У меня всё хорошо, скоро я поеду на третье задание на передовую.

Я купил по карточке новый фотоаппарат – «Найкон» – и уже скормил его войне.

Здесь снова идут муссонные дожди.

В феврале убили Дэнни Сейлора.

Несколько раз получал взыскания, но не беспокойтесь – ничего серьёзного.

Я переписываюсь с девушкой из Санта-Моники, она пишет, что когда-то танцевала в Нью-Йоркском балете. Но сломала лодыжку, поскользнувшись на льду у мамкиного дома, и это поставило крест на её карьере. Кость, думаю, так правильно и не срослась. Рост её около 160 см, вес – около 50 кг, а фигура как у песочных часов – 66-50-67. Я послал ей «ао дай», национальное вьетнамское платье, и пару шёлковых пижам, которые купил в Сайгоне. Она написала, что одежда пришлась ей впору. Её родители живут в Баррингтоне на Саммит-стрит, как раз напротив старого клуба бойскаутов. Её отец кассир, продаёт билеты на Чикагский и Северо-западный поезда, поэтому он может быть вам знаком. Его зовут Тони Федота.

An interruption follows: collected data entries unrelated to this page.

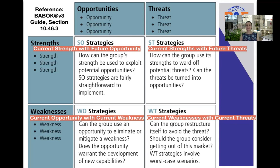Whereas if we look at the ST strategies, this is when the organization considers how the group can use its strengths to ward off potential threats. So again, we're looking at current strengths and we are considering potential threats — you could also look at that as future threats. So can those threats potentially be changed into opportunities? That is why we are looking here at current strengths with future threats.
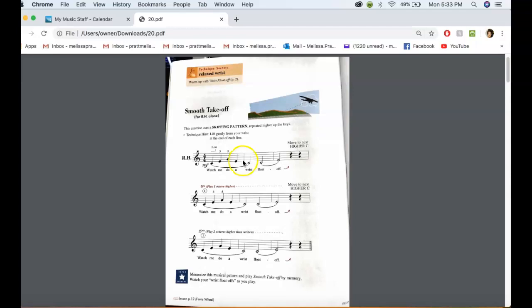So the only thing with this is where you can lift off and you won't have legato there. But here, there's no reason to not have legato, because you're using different fingers.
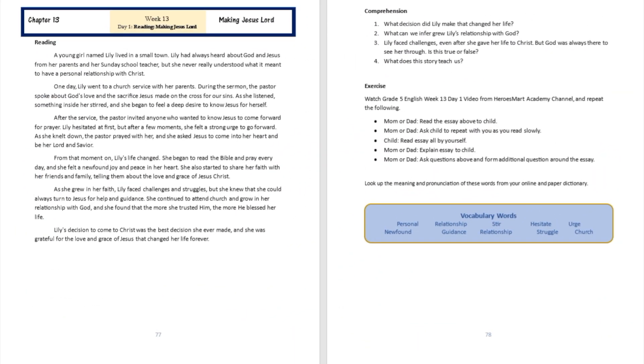All right, I believe you got a chance to follow along with us as we read today's text to you. So we're going to go right now to questions and answers.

Джордж Карлоффски, парень из нашей учебной роты, был недавно ранен в ноги осколками миномётной мины, но уже поправляется и скоро вернётся в свою 4-ую дивизию.

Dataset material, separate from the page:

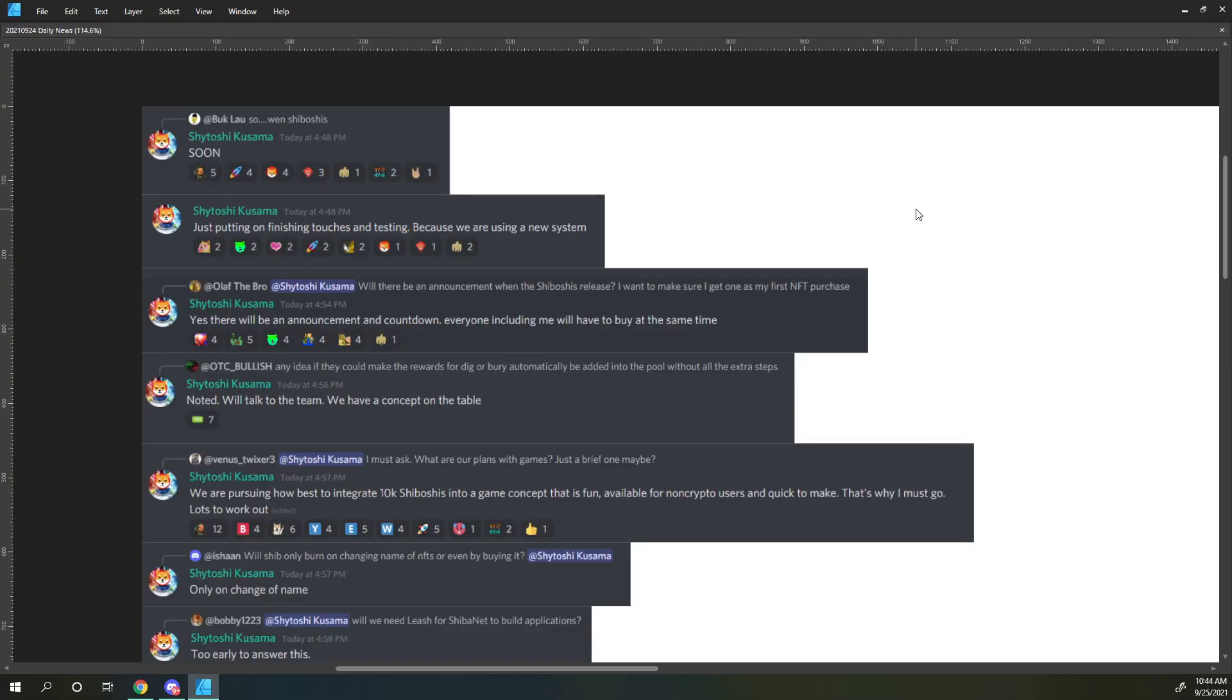Bucklao says, so when Shiboshis? Shiboshi responds, soon. Just putting on the finishing touches and testing, because we are using a new system.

Рад, что вы ездили в отпуск на поезде в Сан-Франциско. Были на Рыбачьей верфи? А в ресторанах с полуголыми официантками? Жаль, папа, что ты потерял бумажник.

Я написал два очерка о засадах, в которые я недавно попал вместе с частями 1-ой пехотной дивизии. Оба были напечатаны с анонсами в «Арми Репортер» и в журнале «Лайф ин Вьетнэм» – по-моему, это единственное периодическое издание на английском зыке во Вьетнаме.

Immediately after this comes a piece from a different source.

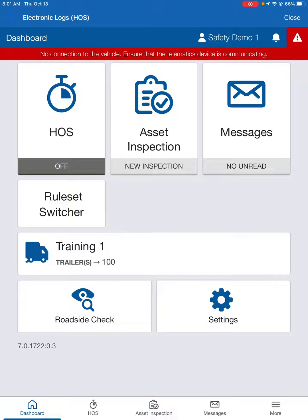Hey everyone, this is JP with Oakley Trucking. I just want to give you all a quick video on verifying your logs. If you don't know how to do that, I'll show you right now.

Мама, в прошлое воскресенье я попросил одну местную даму подобрать тебе коническую шляпу-кули. Всего за 200 пиастров. Скоро я тебе её вышлю. Когда получишь, посмотри сквозь неё на солнце : увидишь узоры на бамбуке.

Вчера летал в Фу Лой, собирал материал об одном артиллерийском расчёте. У меня всё в порядке, удача мне не изменяет, мой талисман меня хранит, так что не беспокойтесь. Через полгода буду дома…

С любовью,

Брэд (рядовой)


ГЛАВА 31. «ПЕЩЕРНЫЕ ЖИТЕЛИ ИЗ ПЛЕЙКУ».

"Во всех деревнях, в которые мы входили, у наших санитаров дел было по горло. Больные и угрюмые, люди выстраивались в очередь и стояли так в абсолютной тишине. Некоторые из них были просто грязные…

Но от грязи появляются вши, от вшей люди чешутся, от расчёсываний появляются незаживающие ранки. Хотя лечение простое. Мыло…"

Лагерь представлял собой мешанину из грязи и палаток, и за пределами расположения, как меня предупредили, было небезопасно. Пушки бухали по окружавшим зелёным горам. В темноте вокруг периметра тут и там вспыхивали мелкие перестрелки – северо-вьетнамские солдаты начинали ночные движения. В 10 часов стали падать 60-мм мины и по лагерю объявили полную светомаскировку. Это не было подготовкой к атаке. Это больше походило на ежедневный отлив и течение войны. Многие месяцы азиаты обстреливали расположение почти каждую ночь, по шесть-восемь снарядов в час, ради беспокойства.

Где-то в час ночи в нашу хижину влетел солдат и поднял с постели лейтенанта.

– Центр управления бригады приказывает слушать рацию, сэр…группа глубинной разведки в беде, – буркнул солдат и растаял в темноте.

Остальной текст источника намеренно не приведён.